同案では、主権者教育で扱う社会的・政治的課題は正解が一つに定まるものではなく、異なる意見や対立する意見を整理して議論し、他者の意見と折り合いを付けるなどして、合意形成を図っていく過程が重要であると強調。選挙権年齢と成年年齢の18歳引き下げで、高校生の政治や社会参画が一層求められるとして、新学習指導要領で共通必履修科目として新設される「公共」や「総合的な探究の時間」での指導の充実をうたった。
さらに、国政選挙では、高校を卒業した19歳や20歳の投票率が低下していることを踏まえ、高校での主権者教育と接続する形で、大学の初年次教育などでも主権者教育を展開することを追記した。
その他に、児童会・生徒会活動、ボランティア活動は、主権者の意識を涵養する上で重要だとし、充実を図る方針も盛り込んだ。
主権者教育の課題でもある、現実の具体的な政治的事象を扱った際の政治的中立性の問題を巡っては▽政治的教養に関する教育の取り扱いを充実し、政治的中立性を確保しつつ、現実の具体的な政治的事象を積極的に扱うことを求めた2015年の文科省の通知の内容を改めて周知して、具体的な実践事例を横展開していくこと▽国による副教材や教師用指導資料の開発、学校・教育委員会とNPO・シンクタンクなどが連携した取り組みの推進▽家庭や地域の主権者教育への理解の重要性――を指摘。

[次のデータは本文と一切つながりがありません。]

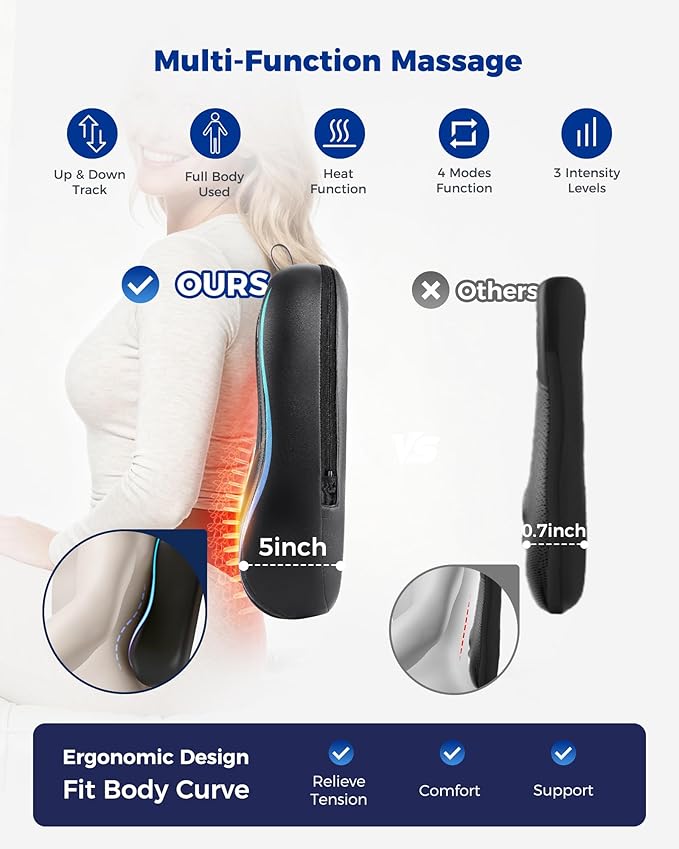 OMASSA Shiatsu Back Massager - Image 2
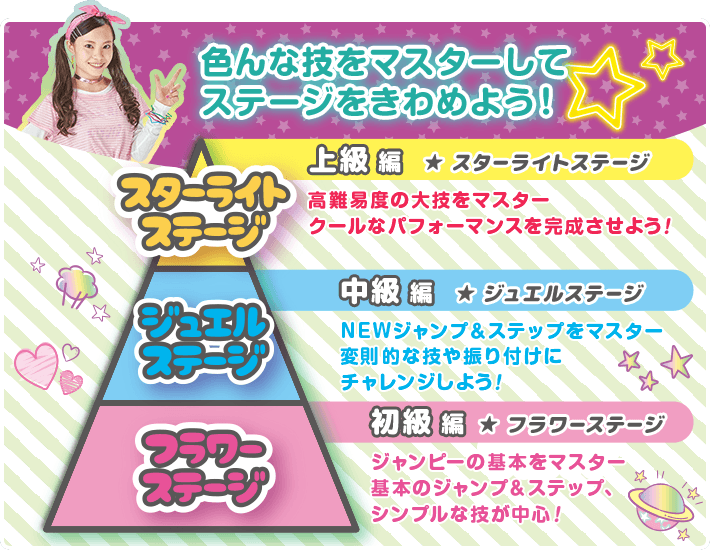色んな技をマスターしてステージをきわめよう！ 上級編★スターライトステージ 高難易度の大技をマスター クールなパフォーマンスを完成させよう！/中級編★ジュエルステージ NEWジャンプ＆ステップをマスター変則的な技や振り付けにチャレンジしよう！/初級編★フラワーステージ ジャンピーの基本をマスター基本のジャンプ＆ステップ、シンプルな技が中心！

政治教育のための教材の発行や、政治教育を行うNPOの支援を展開しているドイツの「連邦政治教育センター」の取り組みを挙げ、第三者的な立場のNPOやシンクタンクなどが、政党の選挙公約を比較可能な形で整理して学校に提供することや、これらの外部団体と連携したモデル校による教育プログラムの開発などを提言した。